MATERIAL PROVIDED ▸
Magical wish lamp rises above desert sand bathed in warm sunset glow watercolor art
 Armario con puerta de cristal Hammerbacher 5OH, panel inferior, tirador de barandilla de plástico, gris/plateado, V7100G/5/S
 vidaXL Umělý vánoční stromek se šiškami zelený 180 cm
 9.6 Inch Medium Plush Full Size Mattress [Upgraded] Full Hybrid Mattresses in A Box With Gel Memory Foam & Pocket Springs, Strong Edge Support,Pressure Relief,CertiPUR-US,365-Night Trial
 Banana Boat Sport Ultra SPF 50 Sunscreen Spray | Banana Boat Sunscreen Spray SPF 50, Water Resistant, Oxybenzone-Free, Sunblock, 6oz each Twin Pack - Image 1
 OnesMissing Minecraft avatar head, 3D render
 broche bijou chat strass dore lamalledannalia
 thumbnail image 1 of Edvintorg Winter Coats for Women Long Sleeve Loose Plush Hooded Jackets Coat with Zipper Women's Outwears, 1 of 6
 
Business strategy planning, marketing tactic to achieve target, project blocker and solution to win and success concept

ACTIVITY ▸ Your answer should be the lines of the listing above between the line holding "9.6 Inch Medium" and the line holding "broche bijou chat", inclusive, restated word for word and alone.

COMPLETED TASK ▸
 9.6 Inch Medium Plush Full Size Mattress [Upgraded] Full Hybrid Mattresses in A Box With Gel Memory Foam & Pocket Springs, Strong Edge Support,Pressure Relief,CertiPUR-US,365-Night Trial
 Banana Boat Sport Ultra SPF 50 Sunscreen Spray | Banana Boat Sunscreen Spray SPF 50, Water Resistant, Oxybenzone-Free, Sunblock, 6oz each Twin Pack - Image 1
 OnesMissing Minecraft avatar head, 3D render
 broche bijou chat strass dore lamalledannalia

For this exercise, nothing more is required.